**Data for analysis:**
◆ ◆ ◆ ◆ ◆ ◆ ◆
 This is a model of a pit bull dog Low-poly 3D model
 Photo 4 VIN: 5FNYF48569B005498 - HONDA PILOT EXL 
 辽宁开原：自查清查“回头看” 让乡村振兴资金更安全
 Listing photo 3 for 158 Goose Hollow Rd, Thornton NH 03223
◆ ◆ ◆ ◆ ◆ ◆ ◆
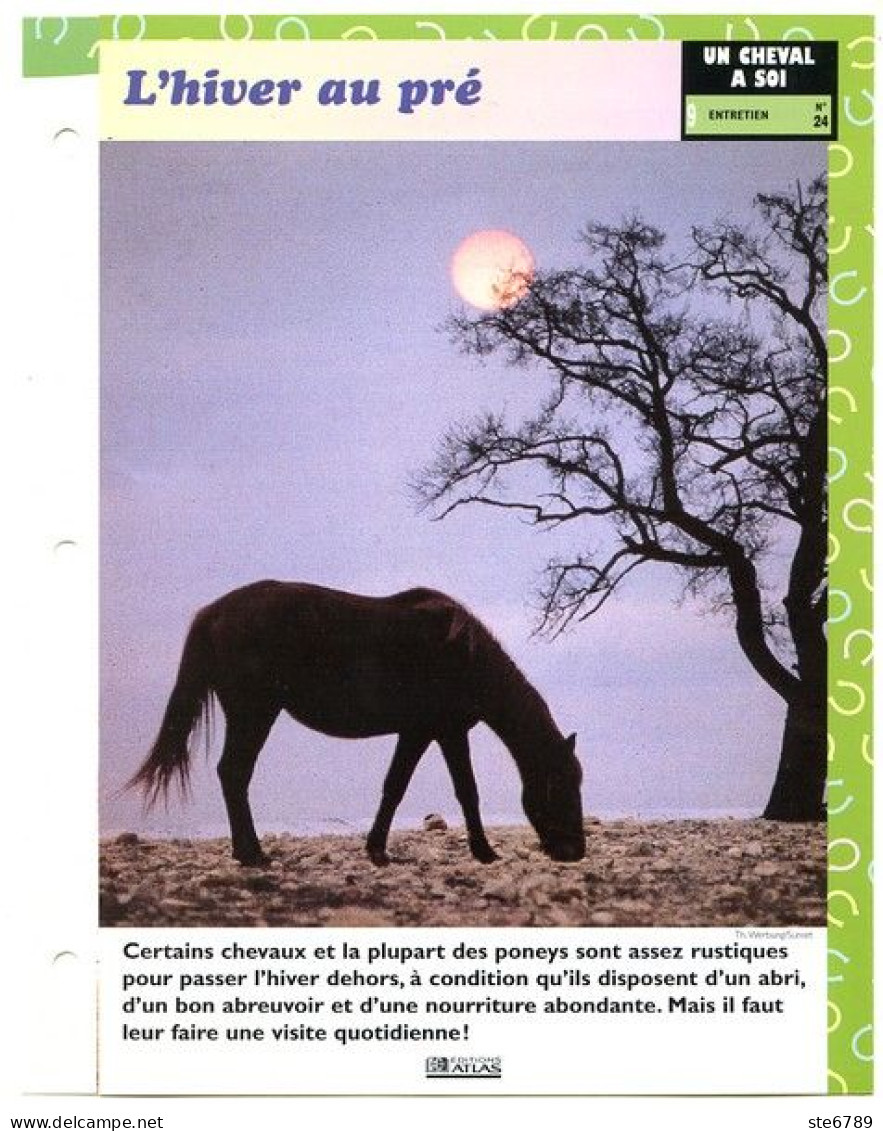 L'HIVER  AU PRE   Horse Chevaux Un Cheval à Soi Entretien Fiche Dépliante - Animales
◆ ◆ ◆ ◆ ◆ ◆ ◆
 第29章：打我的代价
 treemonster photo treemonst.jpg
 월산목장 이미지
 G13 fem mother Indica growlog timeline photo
◆ ◆ ◆ ◆ ◆ ◆ ◆
**What is needed:** Your answer should consist only of the lines above between the line holding "This is a model" and the line holding "Listing photo 3", inclusive, each transcribed exactly.

**Finished exercise:**
 This is a model of a pit bull dog Low-poly 3D model
 Photo 4 VIN: 5FNYF48569B005498 - HONDA PILOT EXL 
 辽宁开原：自查清查“回头看” 让乡村振兴资金更安全
 Listing photo 3 for 158 Goose Hollow Rd, Thornton NH 03223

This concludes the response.